Я увидела две стороны натуры Генри Миллера: его покорное принятие жизни и одновременно гнев и возмущение всем, что с ним происходило. Он терпит до поры, но потом все-таки постарается отомстить, вероятно, тем, что напишет в своих книгах. Этакая замедленная писательская реакция.
Джун подействовала как раздражитель. И он повернул к тем простым мирам, которые радуют его. «Вот проститутки мне нравятся. Они без притворства. Не стесняются подмываться у вас на глазах».
Генри как мифологический зверь. Письмо его дышит пламенем, это поток, мощный, хаотичный, коварный, грозящий гибелью. «Наш век нуждается в насилии».
А я наслаждаюсь мощью его письма, неприятной, разрушительной, бесстрашной и очистительной мощью. Странная смесь преклонения перед жизнью, восторга, страстного интереса ко всему, энергии, полноты, смеха; и вдруг налетает шторм и отбрасывает меня. Он разносит все: ханжество, страх, мелочность, неискренность. Прежде всего — инстинкт, интуиция. Он говорит от первого лица, и имена у него подлинные; он отказывается от порядка, формы, от самого сюжета. И никакого согласования, он пишет на нескольких уровнях сразу. Я всегда доверяла свободе Бретона[4] писать, как течет сознание, в том порядке или беспорядке, в каком сменяются ощущения и мысли, следовать чувствованию, находить смысл в бессмысленной связи событий и образов, доверять им вести тебя в новые сферы. «Культ чудесного». И культ всплесков подсознания, культ таинства, бегства от лживой логики. Культ бессознательного, провозглашенный Рембо. Нет, это не сумасшествие. Это усилие преодолеть оцепенелость и строгость рационального мышления, чтобы прорваться в высший, сюрреальный мир.
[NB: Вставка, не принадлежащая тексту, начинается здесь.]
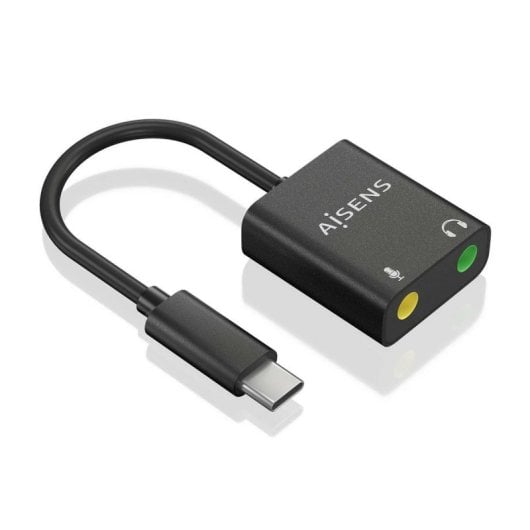 Conversor USB-C a Audio AISENS A109-0767 2x Jack 3.5 mm 48KHz Plug and Play Negro 10cm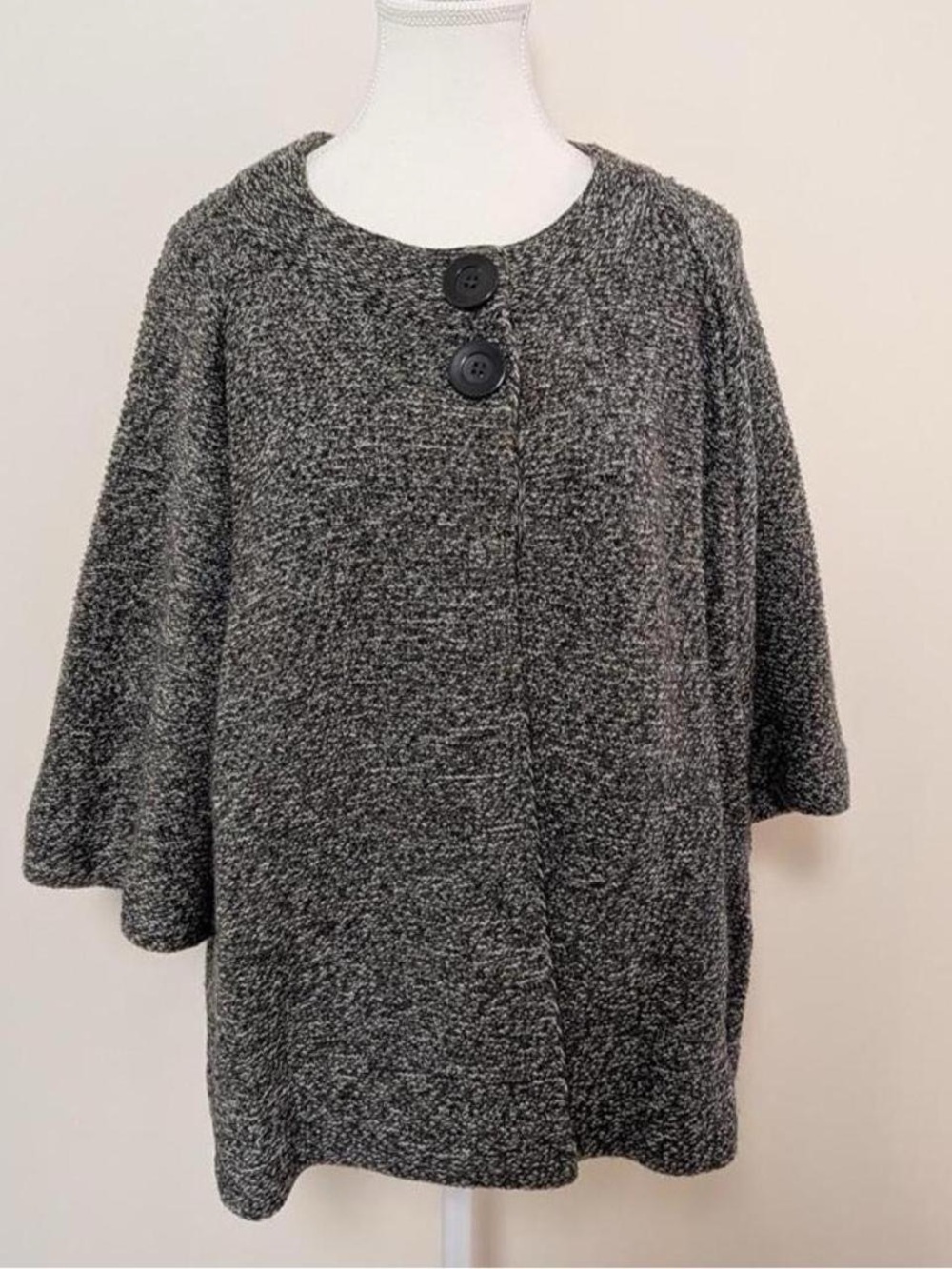 I.N. Studio Charcoal Gray Button-Front Knit Poncho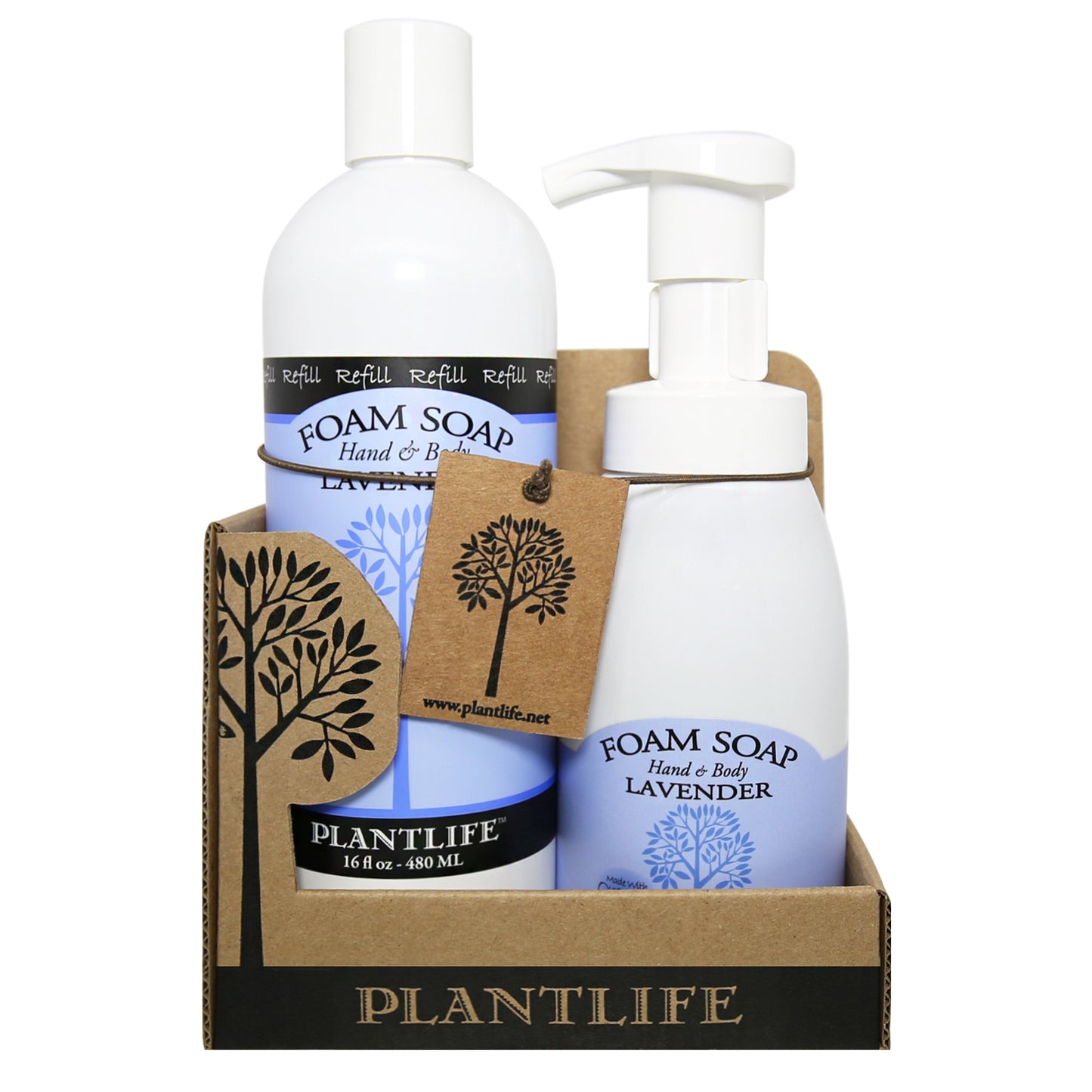 Lavender Foam Soap Value Set – Pump bottle and refill bundle with lavender scent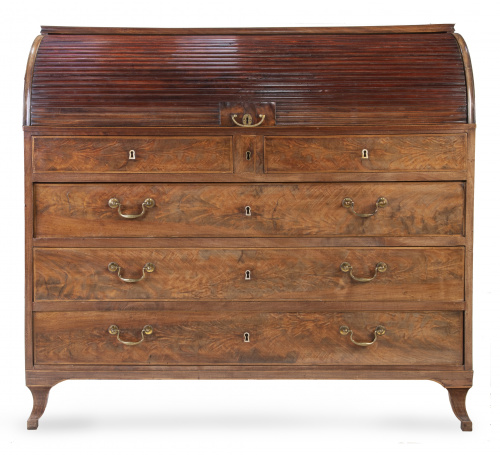 Bureau de tambor Jorge III de madera de palma de caoba y ca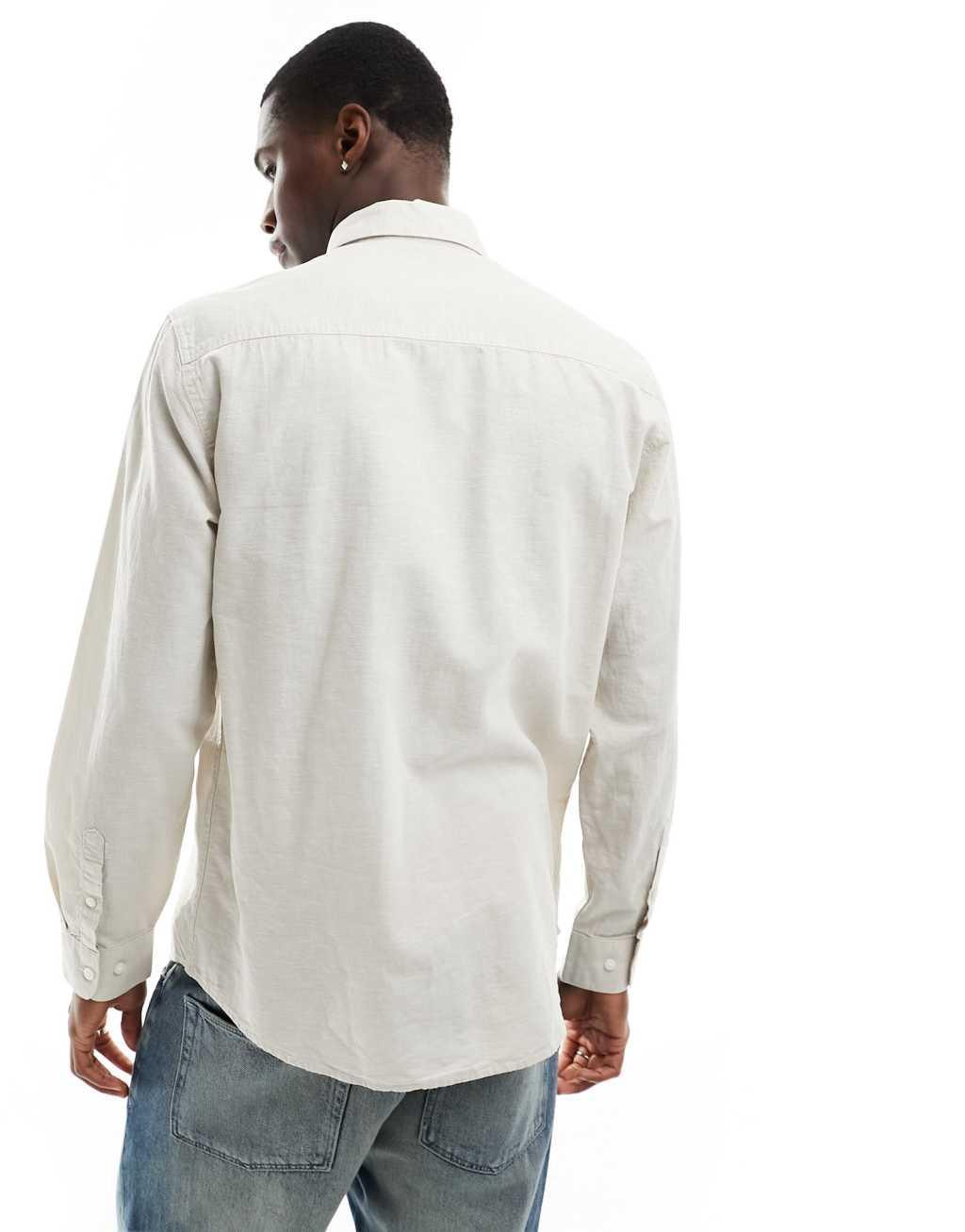 Selected Homme long sleeve linen mix shirt in beige  Product Image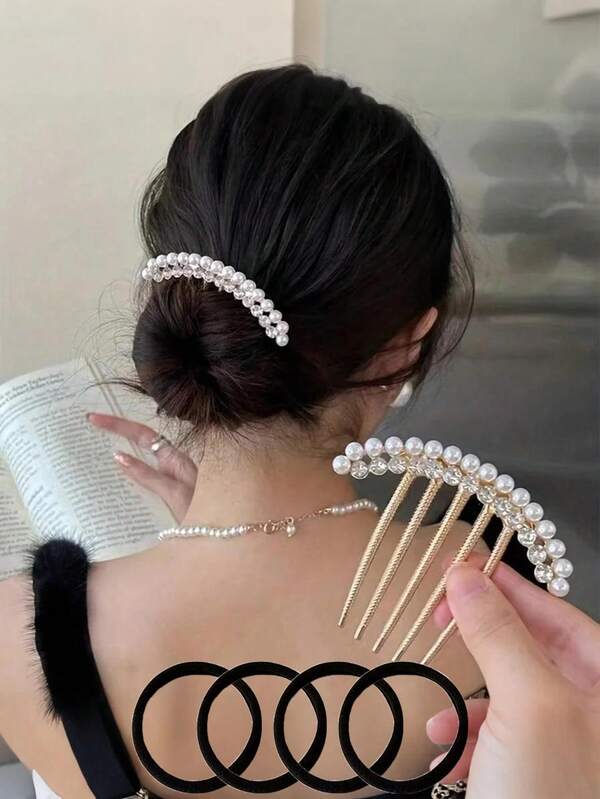 5 Peças/Conjunto Clipe de Cabelo de Pérola Falsa de Liga de Metal para Mulheres, Pente com Borda de Strass, Acessórios de Cabelo Elegantes para o Dia a Dia, Acessórios de Cabelo para Noiva, Presilha de Cabelo, Pentes de Estilo Antigo para Lateral do Cabelo, Enfeite de Cabeça, Acessório de Cabelo, Joia de Cabelo, Adequado para Uso Diário, Casual, Esportivo, Festa, Trabalho, Férias, Maquiagem, Dama de Honra, Casamento, Presentes Ideais para Dia das Mães, Mãe, Mamãe, Temporada de Formatura, Natal, Ano Novo, Aniversário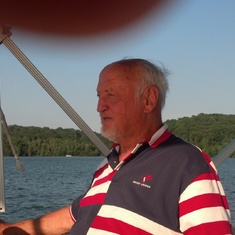 Piloting his beloved pontoon boat, 07/06/2012
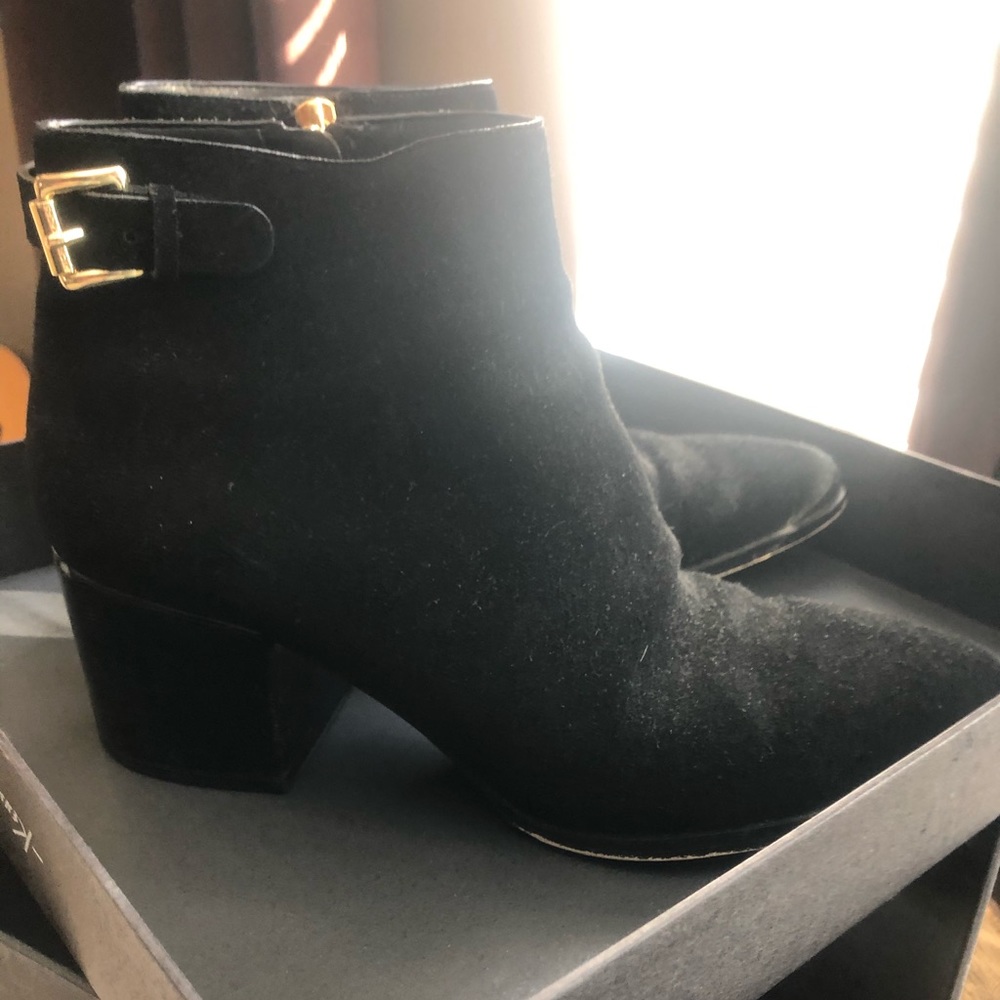 Suede gold zipper MK ankle boots - like new!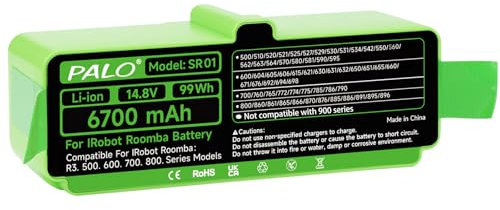 6700mAh/Lithium Batterie Aspirateur pour Irobot Roomba 800/700/600/500 Series - 895/782/776/760/606/621/630/632/650/651/670/676/691/692/521/531/564/565/581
Все это причудливо смешалось в Генри. Его легко может зажечь какая-нибудь новая книга, идея, какой-нибудь человек. Он к тому же и музыкант, и художник.
Он все замечает: и пузатые бутыли с вином, и как шипят в камине сырые дрова. Но для себя отбирает лишь то, от чего может прийти в восхищение. Его восхитило даже легкое косоглазие Эмилии, он нашел, что это похоже на лица с портретов Гойи. И стена, окрашенная в голубой и оранжевый цвета, его тоже привела в восторг.
Он наслаждается всем: едой, разговором, выпивкой, звоном колокольчика у ворот, хорошим настроением Банко, вовсю молотящего хвостом по мебели.
Он полагает, что я видала виды, раз когда-то в шестнадцатилетнем возрасте позировала художникам. В то, что я очень долго сохраняла невинность, он явно не поверил. Я попробовала поискать в словаре некоторые слова, произнесенные им по этому поводу. В словаре их не оказалось.
После его ухода от радости моей ничего не осталось. Я думала о том, что вряд ли показалась ему интересной. Слишком много он испытал, жил трудно, сложно, на самом дне, как герой Достоевского, и я для него чересчур неопытна. Да ладно, какое имеет значение, что думает обо мне Генри Миллер? Скоро он достаточно полно узнает, кто я такая. У него язвительный склад ума, и я сама себе покажусь карикатурой. А почему я не могу выразить себя основательней? Я играю слишком много ролей. Почему я должна все время волноваться, тревожиться? Но я волнуюсь, я тревожусь из-за всего. Моя эмоциональность, чувствительность — это зыбкая почва. Но вот я восхищаюсь «устойчивостью» Генри и Джун, а это для меня уже нечто новое.